Start at the line with "Links House - Accommodation Mermaid Beach 7" in the records below, stop at the line with "-滇香肴·云南菜蒸汽石锅鱼(云南北路店)", and return every line in that span exactly, the two end lines included.

+++ Source data +++

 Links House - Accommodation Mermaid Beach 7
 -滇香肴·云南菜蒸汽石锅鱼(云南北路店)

+++
+++ Source data +++

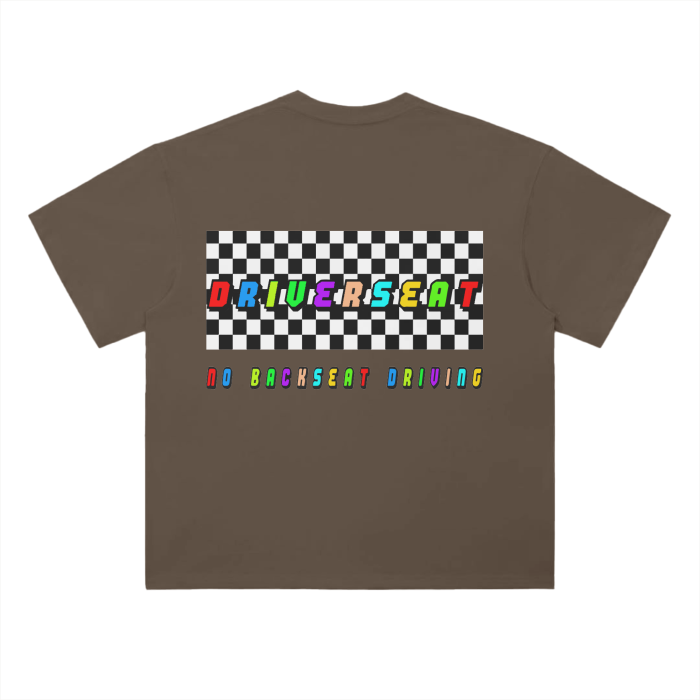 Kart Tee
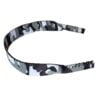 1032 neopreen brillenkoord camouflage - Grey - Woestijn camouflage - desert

+++
+++ Source data +++

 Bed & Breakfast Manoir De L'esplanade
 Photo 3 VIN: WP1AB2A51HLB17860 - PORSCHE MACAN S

+++

- [Final answer]
 Links House - Accommodation Mermaid Beach 7
 -滇香肴·云南菜蒸汽石锅鱼(云南北路店)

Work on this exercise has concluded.